Report: Pedestrian Death in Car Crashes Rise to Record Levels
As more and more cars have been sold, typically the “record levels of collisions” talk has revolved around vehicle-to-vehicle crashes or vehicle-to-object crashes. However, according to the Associated Press, we should probably be adding vehicle-to-pedestrian collisions to the grisly record books.
According to the Governors Highway Safety Association (GHSA), pedestrian deaths in car crashes have risen to nearly 6,000 last year—a sharp jump of 11% to the highest total in over 20 years.
However, here the blame does not seem to be on the simple proliferation of car sales. Researchers instead seem to think that the blame should be dropped on the cause of so many car crashes: distractions (mostly cell phones). Of course, they aren’t at all sure, because that is very difficult to confirm. However, miles of driving and walking have apparently only risen a few percentage points while texting and wireless device use has, of course, skyrocketed.
Richard Retting, safety director for Sam Schwartz Transportation Consultants and author of the GHSA report, defended the cause conclusion, summing up the argument by saying, “It’s the only factor that that seems to indicate a dramatic change in how people behave.”
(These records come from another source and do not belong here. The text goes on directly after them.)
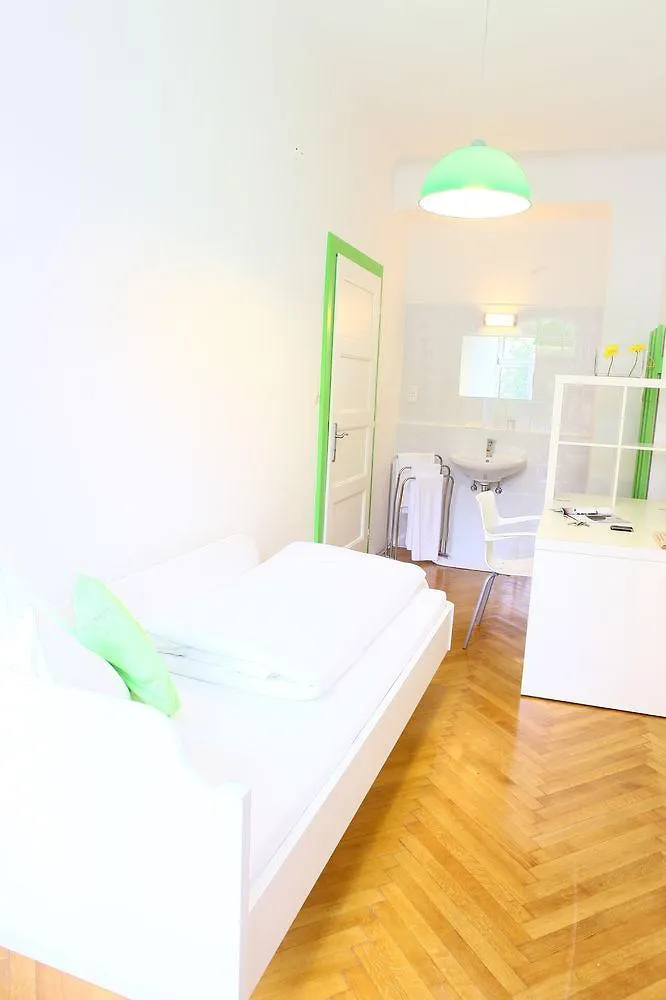 Hostel & Guesthouse Kaiser 23 Vienna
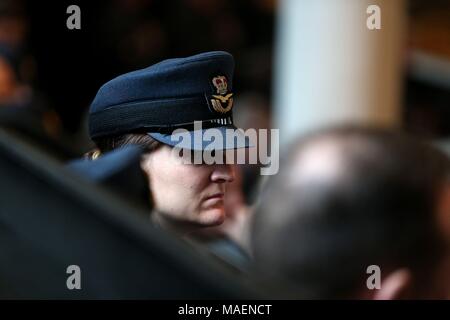 Eine allgemeine Ansicht der Gründer' Day Service, der 100-Jahrfeier der Gründung der Royal Air Force im St Clement Danes Kirche zu gedenken, in London. Stockfoto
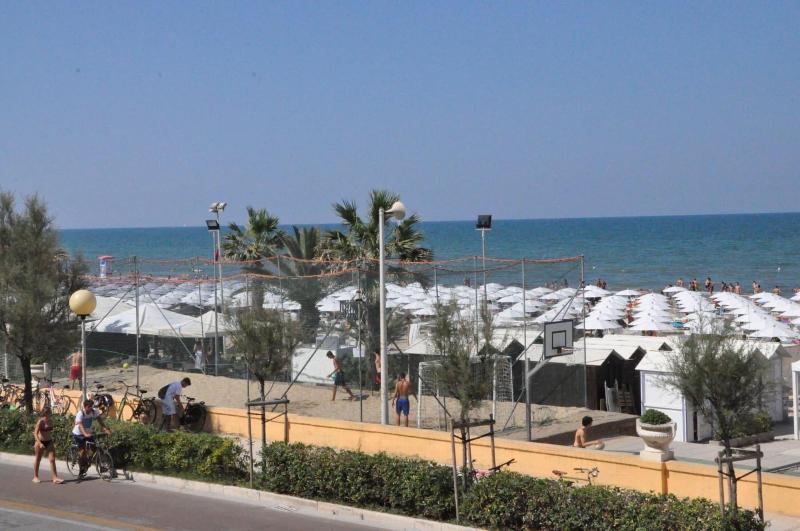 Hotel Sirena image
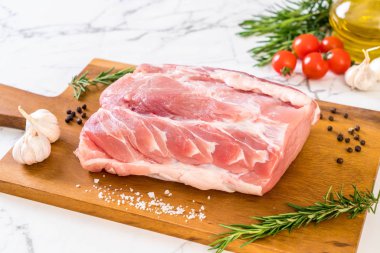 taze domuz ham filetosu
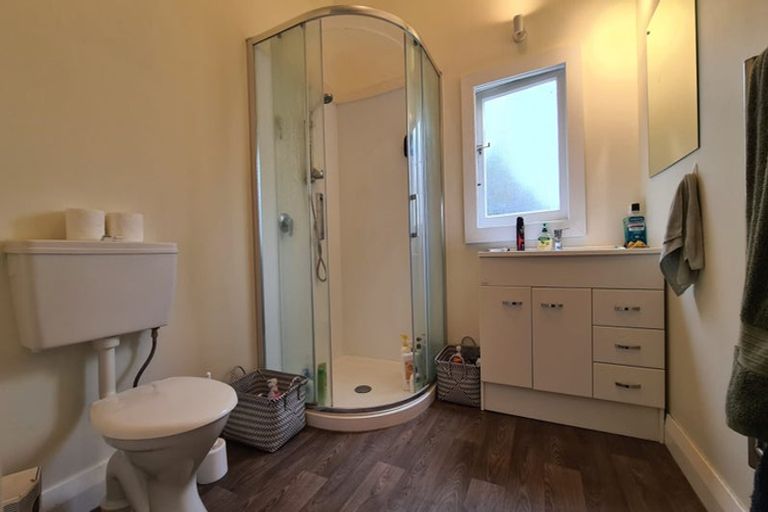 Photo of property in 123a Glenmore Street, Kelburn, Wellington, 6012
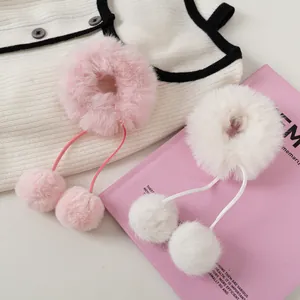 Süß Niedlich Plüsch Haargummi Mit Weichem Bommel Anhänger Kunstfell Scrunchie Elegant Haarseil Für Damen Mädchen Winter Haarschmuck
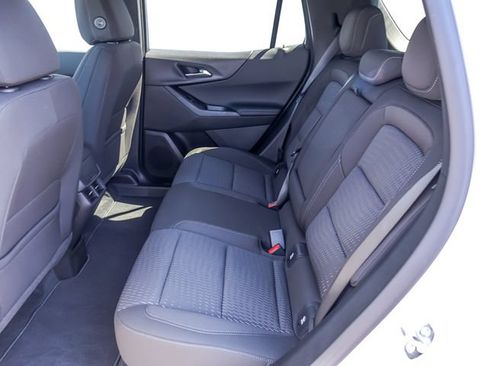 New 2026 Chevrolet Equinox LT w/ Safety and Technology Package FWD image 15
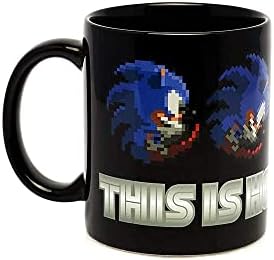 Само фанки Sonic The Hedgehog Cafe Chigh со Sonic емајл пин | 11 мл - Енергична чаша за утринско засилување, со Sonic, Tails, & Knuckles | Одличен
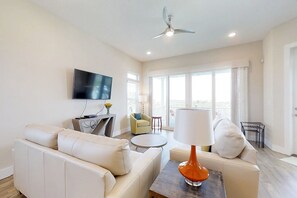 Casa, varias camas, balcón, vista al océano (Ocean Vista Paradise) | Área de sala de estar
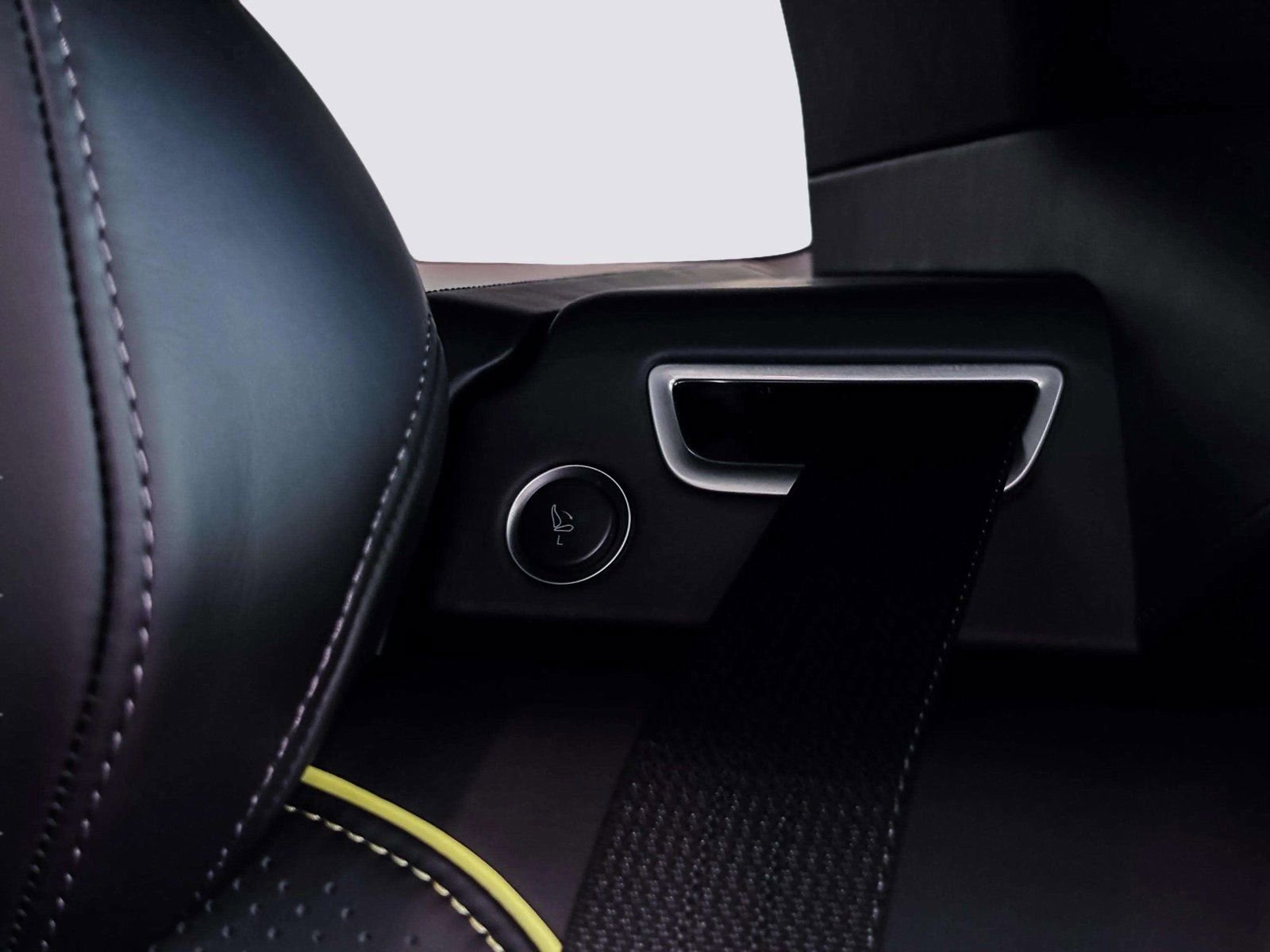 New 2026 Aston Martin DBX S image 46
This report isn’t necessarily conclusive—it is based on data from the states and District of Colombia from the first half of 2016 extrapolated out for the rest of the year. However, signs aren’t good, as this makes for the largest annual increase in deaths in the 40 years since the records started being kept.
So, the bottom line seems to be that putting down the phone while driving isn’t just about protecting people in the car—it’s about everyone walking by on the sidewalk as well. Also, when you are crossing the street, it will probably be best to wait to finish your text until you are safely on the other side.